[Date Prev][Date Next][Thread Prev][Thread Next][Date Index][Thread Index]

Re: Using emacspeak with speech-dispatcher

Pierre Lorenzon writes:
 > Hi Tim,
 > > Hi Lukas,
 > > 
 > > Just a couple of points which may help.
 > > 
 > > I think support for speech dispatcher is a good idea. It would
 > > certainly increase options for speech servers within
 > > emacspeak. I would suggest that since speech dispatcher supports SSML
 > > (for synthesizers which can understand it), I would suggest doing an
 > > SSML interface between emacspeak and speech dispatcher. This would
 >   As I said in my previous mail speechd-el is already
 >   a ssml client for speech-dispatcher. It provides
 >   a lisp library to connect to speech-dispatcher
 >   from emacs. So there is nothing important to do
 >   except a certain number of lisp code.
 >   My idea is not to use low level modules of emacspeak,
 >   i.e. all modules bellow emacspeak-speak (dtk-speak,
 >   dtk-interp etc.) but only high level modules i.e.
 >   modules specific to certain applications (emacspeak-w3m
 >   for instance.) To do that since I think I am not
 >   a bad lisp programmer, I simply will rewrite an
 >   emacspeak-speak using the speechd-el library (and
 >   eventually enhancements of it). A startup interface
 >   which should require and load the appropriates
 >   modules it easy to write as well.

The problem I have with this is that I cannot see how this can be done
in a clean way and not break the other existing speech servers. While
I can understand the perspective your comming from, I see it
differently from just adding additional speech server support. Your
proposal represents a more fundamental architectual change to
emacspeak. While I beleive there is some merit to such a proposal, I
feel it needs far more analysis and thought. 
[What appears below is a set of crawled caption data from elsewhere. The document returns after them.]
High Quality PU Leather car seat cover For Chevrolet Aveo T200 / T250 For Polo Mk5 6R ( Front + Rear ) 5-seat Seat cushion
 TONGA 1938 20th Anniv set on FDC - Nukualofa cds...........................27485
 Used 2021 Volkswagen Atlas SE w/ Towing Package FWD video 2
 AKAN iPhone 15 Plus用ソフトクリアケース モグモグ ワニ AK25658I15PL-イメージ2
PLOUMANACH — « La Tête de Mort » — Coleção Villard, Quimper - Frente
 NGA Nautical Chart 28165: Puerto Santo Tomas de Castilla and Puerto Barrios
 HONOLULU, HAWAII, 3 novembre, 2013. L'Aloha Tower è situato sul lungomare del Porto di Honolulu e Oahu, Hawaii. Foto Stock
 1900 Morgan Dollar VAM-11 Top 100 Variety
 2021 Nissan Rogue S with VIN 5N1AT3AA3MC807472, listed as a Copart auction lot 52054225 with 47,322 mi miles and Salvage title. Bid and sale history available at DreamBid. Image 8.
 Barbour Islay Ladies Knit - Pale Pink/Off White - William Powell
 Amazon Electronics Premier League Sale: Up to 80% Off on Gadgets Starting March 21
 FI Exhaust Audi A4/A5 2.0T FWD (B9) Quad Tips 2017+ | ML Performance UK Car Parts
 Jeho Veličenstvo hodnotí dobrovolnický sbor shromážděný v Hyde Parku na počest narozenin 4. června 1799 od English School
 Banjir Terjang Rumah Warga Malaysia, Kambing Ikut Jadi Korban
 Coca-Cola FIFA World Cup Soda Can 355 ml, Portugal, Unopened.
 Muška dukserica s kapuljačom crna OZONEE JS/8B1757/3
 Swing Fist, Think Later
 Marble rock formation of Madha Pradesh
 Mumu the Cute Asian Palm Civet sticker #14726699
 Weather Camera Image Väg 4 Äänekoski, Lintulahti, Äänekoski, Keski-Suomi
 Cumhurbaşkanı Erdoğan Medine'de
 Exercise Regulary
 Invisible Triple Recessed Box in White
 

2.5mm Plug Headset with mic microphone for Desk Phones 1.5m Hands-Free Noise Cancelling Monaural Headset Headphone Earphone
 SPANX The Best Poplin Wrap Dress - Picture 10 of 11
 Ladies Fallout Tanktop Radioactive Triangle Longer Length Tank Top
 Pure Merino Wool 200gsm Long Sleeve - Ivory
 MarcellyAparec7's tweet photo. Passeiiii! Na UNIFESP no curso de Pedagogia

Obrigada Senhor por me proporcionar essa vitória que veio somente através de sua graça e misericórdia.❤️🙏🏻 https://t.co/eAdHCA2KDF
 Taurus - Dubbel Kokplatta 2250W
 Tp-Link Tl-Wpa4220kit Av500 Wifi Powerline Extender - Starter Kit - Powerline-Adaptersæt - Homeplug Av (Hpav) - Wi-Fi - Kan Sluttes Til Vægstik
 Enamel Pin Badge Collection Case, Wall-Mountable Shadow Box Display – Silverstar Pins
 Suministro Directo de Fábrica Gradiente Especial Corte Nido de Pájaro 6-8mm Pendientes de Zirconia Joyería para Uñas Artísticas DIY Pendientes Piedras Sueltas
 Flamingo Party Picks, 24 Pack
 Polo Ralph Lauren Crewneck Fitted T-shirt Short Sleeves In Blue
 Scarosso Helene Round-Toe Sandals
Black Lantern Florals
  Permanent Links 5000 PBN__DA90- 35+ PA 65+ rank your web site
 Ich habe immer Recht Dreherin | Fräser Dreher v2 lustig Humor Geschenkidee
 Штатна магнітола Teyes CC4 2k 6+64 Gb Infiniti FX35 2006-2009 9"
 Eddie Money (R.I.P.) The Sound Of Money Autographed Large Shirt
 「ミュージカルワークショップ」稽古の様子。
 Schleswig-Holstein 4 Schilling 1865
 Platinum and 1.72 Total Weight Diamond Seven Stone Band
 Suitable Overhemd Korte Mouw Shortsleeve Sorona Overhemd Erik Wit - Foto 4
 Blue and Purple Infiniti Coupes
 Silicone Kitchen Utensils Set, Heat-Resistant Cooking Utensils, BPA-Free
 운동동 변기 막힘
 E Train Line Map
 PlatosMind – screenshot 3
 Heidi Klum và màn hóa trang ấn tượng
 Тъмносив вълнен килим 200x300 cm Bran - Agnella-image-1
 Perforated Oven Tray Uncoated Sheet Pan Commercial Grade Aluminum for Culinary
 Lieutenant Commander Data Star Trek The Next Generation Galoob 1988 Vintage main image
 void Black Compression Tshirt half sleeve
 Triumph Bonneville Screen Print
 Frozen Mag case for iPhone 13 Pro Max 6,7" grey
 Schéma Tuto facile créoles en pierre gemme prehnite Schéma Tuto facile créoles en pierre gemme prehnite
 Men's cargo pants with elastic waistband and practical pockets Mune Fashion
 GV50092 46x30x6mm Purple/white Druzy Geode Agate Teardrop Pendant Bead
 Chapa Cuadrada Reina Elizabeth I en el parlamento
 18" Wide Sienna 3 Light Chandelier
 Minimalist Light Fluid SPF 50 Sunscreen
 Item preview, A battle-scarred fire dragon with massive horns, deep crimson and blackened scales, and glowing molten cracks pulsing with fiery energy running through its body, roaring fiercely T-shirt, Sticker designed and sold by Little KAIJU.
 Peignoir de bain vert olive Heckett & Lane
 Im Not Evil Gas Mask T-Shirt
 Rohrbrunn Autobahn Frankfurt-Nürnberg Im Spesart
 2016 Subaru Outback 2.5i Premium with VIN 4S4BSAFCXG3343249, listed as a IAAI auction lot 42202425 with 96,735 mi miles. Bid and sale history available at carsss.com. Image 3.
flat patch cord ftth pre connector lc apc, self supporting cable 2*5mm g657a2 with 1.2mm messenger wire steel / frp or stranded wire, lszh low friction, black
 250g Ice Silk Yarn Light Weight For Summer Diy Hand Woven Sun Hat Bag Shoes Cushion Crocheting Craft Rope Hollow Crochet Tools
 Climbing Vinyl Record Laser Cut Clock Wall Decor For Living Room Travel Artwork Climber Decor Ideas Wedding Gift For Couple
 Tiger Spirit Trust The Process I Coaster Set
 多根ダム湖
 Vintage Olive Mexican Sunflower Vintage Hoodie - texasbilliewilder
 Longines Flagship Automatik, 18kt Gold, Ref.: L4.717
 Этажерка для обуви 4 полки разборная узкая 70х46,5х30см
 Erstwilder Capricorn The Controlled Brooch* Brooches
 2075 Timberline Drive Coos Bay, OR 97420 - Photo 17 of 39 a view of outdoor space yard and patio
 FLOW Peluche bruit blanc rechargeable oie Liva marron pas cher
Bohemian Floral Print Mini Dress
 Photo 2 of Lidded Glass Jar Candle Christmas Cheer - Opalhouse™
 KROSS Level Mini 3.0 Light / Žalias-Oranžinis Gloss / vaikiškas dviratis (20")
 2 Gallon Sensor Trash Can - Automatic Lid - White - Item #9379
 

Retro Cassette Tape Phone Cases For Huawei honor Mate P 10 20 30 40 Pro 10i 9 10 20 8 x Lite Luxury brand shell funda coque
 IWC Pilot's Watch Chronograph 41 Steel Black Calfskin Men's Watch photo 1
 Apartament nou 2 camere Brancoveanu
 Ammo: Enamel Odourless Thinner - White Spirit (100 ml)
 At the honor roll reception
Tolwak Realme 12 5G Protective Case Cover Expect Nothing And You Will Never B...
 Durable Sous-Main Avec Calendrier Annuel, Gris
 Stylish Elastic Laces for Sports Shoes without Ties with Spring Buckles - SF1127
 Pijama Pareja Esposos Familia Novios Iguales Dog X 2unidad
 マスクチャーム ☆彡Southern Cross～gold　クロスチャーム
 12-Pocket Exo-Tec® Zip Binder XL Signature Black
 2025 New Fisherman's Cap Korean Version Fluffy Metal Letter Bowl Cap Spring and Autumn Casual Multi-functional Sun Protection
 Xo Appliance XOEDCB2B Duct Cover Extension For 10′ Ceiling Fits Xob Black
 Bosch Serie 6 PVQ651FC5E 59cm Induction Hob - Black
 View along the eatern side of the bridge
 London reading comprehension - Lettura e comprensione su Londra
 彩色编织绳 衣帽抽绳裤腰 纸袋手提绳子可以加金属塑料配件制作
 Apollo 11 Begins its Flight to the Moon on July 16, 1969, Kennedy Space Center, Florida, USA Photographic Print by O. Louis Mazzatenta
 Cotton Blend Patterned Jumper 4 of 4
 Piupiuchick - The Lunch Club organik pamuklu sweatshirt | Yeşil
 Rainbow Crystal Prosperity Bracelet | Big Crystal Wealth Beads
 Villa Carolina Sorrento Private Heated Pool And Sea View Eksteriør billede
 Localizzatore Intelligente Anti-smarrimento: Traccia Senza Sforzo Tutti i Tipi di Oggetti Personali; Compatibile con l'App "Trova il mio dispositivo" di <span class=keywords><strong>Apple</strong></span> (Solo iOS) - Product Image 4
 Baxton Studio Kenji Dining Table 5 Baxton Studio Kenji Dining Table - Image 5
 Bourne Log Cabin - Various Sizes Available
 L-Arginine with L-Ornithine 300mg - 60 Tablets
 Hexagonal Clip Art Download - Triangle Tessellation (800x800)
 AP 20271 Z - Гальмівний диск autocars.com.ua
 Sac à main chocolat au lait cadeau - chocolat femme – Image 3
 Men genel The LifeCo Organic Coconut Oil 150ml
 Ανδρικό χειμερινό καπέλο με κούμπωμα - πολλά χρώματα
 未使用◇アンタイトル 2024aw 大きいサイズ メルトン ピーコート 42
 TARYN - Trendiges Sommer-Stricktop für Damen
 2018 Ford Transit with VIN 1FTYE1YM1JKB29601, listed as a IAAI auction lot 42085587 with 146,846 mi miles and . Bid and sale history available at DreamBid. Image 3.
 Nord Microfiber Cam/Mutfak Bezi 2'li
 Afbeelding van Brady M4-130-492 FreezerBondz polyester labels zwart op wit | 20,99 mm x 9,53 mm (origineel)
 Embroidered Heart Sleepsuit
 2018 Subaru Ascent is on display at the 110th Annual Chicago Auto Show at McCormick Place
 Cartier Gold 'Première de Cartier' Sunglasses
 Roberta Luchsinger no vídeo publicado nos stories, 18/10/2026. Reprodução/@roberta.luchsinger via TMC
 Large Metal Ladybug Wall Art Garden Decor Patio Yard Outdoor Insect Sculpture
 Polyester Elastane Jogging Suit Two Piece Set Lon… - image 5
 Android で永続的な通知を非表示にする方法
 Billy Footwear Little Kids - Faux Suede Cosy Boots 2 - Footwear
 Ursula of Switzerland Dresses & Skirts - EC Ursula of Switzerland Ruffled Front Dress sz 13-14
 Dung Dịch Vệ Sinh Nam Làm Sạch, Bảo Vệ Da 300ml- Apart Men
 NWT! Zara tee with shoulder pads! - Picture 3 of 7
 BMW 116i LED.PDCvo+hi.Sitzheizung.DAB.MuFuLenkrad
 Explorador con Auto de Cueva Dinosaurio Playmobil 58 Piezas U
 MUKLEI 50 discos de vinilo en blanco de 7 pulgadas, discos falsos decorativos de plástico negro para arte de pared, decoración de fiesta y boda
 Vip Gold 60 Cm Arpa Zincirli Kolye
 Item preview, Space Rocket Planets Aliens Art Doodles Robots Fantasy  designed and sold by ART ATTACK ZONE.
To a large extent, emacspeak, in my view, is a powerful package which
has evolved over time. There could be a strong argument that we could
benefit from a refactoring and re-implementation of the system if we
had the time. There are things Raman did, which at the time were
necessary due to limitations within emacs and available speech
synthesizes and because emacspeak was very much on the leading edge,
Raman was forced to make decisions in areas which were not
standardised (and often set the standard), such as ACSS and XSLT
transformations of web content etc). some things were implemented in
emacspeak prior to them being implemented in emacs - for example,
initially, emacspeak did all the voice locking stuff independently of
emacs font locking because font lock only worked under X11. Later,
Raman changed things to do voice locking based on font lock properties
once emacs implemented font lock under the console etc. There remains
some unused legacy code in some modules which could now be removed

I feel that if there was going to be major changes to how the voice
interface worked, it really needs to be carefully considered and
proper analysis done. While speech-dispatcher does seem to be a good
model, it may not necessarily be a good model for emacspeak or maybe
emacspeak could have an even better model that benefits from the
experience of both. 

However, I see all of this as a bit of a different question to adding
speech-dispatcher support to emacspeak as another alternative to the
existing speech servers. I think we could add basic speech support via
speech-dispatcher very simply and very quickly by using the
generic-voices.el file I've already got and a simple tcl script (or
perl or python or whatever) which just communicates with the
speech-dispatcher daemon at a very basic level. While it won't give
the full power of speech-dispatcher and won't have even the full power
of outloud, dectalk etc, it would provide functional and usable speech
feedback that adds to the options available for users.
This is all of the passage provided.